Recently, our colleague Prof. Patrizio Barbieri published an article in Informazione Organistica (see below, and also PEK1720) from which some very interesting information about three regals in China has emerged.
The first of these is a regal presented to the Jesuits in 1598 by Rannucio I Farnese, Duke of Parma (r. 1592-1622). This was “a regal contained in a small writing desk to be sent to the Jesuit fathers…who have been instructed to present it to the King [sic.] of China.” Rannucio’s interest in the China mission may have been influenced by his mother, Maria of Portugal, and the fact that the China mission was almost entirely both Jesuit and Portuguese until the second quarter of the seventeenth century, due to the establishment by the papacy of the padroado. It was this same Duke of Parma who later sent an extravagant claviorganum to China (MAC1620).
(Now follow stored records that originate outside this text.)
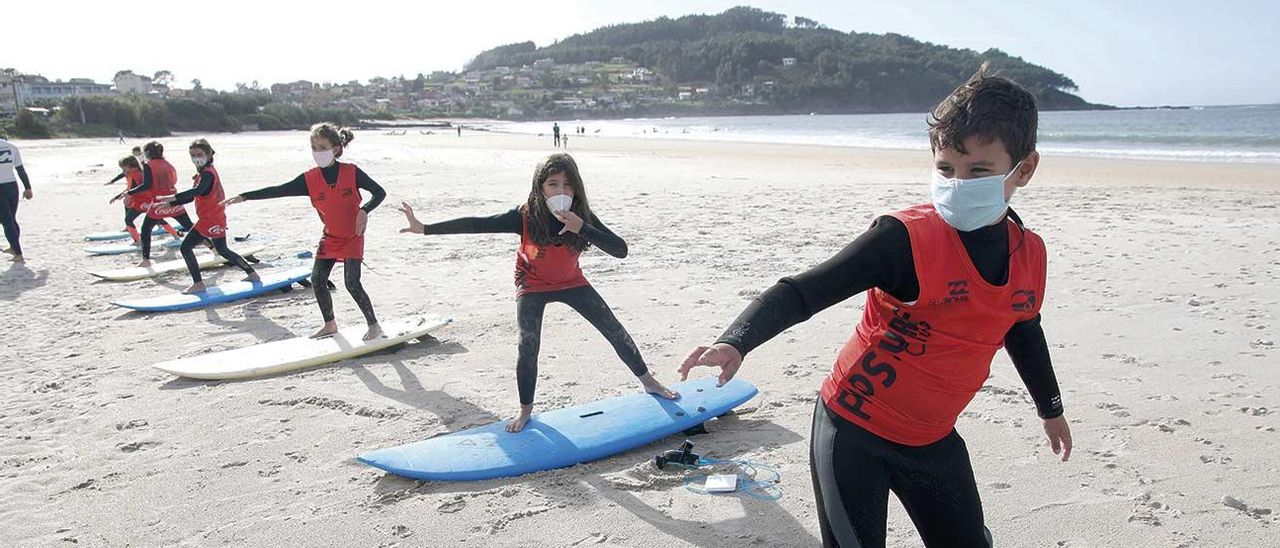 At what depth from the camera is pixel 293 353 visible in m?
6.45

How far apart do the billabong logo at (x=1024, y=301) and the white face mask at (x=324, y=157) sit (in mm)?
5813

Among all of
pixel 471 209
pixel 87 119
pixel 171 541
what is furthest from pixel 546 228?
pixel 87 119

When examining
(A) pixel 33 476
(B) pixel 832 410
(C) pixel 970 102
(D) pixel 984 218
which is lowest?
(A) pixel 33 476

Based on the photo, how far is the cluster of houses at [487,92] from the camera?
14125 centimetres

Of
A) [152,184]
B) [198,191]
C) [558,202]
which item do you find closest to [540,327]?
[558,202]

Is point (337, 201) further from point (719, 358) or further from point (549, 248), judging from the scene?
point (719, 358)

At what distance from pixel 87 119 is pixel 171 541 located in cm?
7716

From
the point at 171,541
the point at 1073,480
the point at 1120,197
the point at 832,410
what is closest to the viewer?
the point at 832,410

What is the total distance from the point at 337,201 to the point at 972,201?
5.78 m

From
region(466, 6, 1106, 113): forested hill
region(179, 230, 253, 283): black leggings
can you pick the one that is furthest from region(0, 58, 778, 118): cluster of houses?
region(179, 230, 253, 283): black leggings

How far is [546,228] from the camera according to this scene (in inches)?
186

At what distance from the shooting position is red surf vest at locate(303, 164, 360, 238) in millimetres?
6812

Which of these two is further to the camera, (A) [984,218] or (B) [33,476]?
(B) [33,476]

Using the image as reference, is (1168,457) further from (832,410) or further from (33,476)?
(33,476) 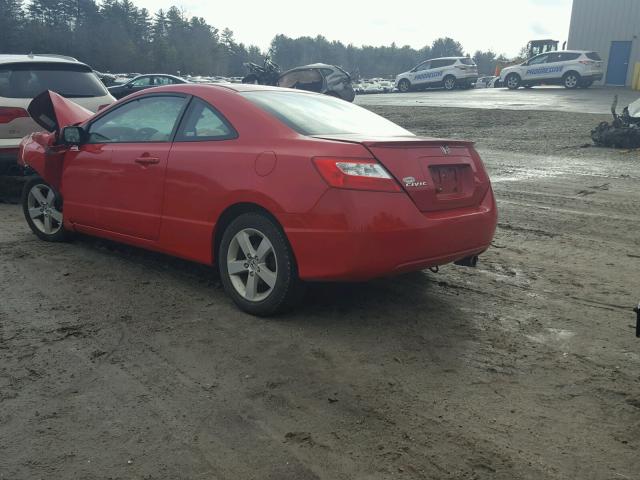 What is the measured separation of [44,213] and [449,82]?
3335 centimetres

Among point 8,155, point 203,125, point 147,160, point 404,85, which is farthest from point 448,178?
point 404,85

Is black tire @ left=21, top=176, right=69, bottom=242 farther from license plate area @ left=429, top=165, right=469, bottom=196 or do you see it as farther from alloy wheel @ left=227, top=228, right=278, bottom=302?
license plate area @ left=429, top=165, right=469, bottom=196

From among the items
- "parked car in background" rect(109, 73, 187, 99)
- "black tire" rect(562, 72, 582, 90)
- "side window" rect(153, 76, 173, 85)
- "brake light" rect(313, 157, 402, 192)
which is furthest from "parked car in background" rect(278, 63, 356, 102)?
"brake light" rect(313, 157, 402, 192)

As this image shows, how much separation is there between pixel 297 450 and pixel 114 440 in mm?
814

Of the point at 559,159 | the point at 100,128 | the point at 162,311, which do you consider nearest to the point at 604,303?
the point at 162,311

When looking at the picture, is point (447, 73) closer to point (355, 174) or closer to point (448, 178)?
point (448, 178)

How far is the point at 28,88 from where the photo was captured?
309 inches

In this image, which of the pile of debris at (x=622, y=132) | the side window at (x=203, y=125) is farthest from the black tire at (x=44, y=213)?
the pile of debris at (x=622, y=132)

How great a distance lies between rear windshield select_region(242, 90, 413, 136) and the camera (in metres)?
4.36

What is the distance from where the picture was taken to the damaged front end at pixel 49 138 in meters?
5.71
It seems unlikely this 1598 regal ever got to Beijing, but this raises at the same time the interesting question, that if it did, is this then the organo used in Beijing in 1611 at the funeral of Matteo Ricci? This is a question easy to pose, and virtually impossible to answer.
The second regal appears over a century later, and was presented to the Kangxi emperor by the papal legate Charles Thomas Maillard de Tournon in 1707. Information about this comes from a letter written four years later by Teodorico Pedrini, who remarked that “Musical instruments are very pleasing to him [Kangxi], the best is a small regal presented to him by the late Cardinal [de Tournon].”
The third and last regal was a small instrument, a “regoletto…decorated with inlay” brought to Kangxi in 1719 with the embassy of the papal legate, Mezzabarba. This was among the instruments that included PEK1720.
We are grateful to Prof. Barbieri for sharing his research with us.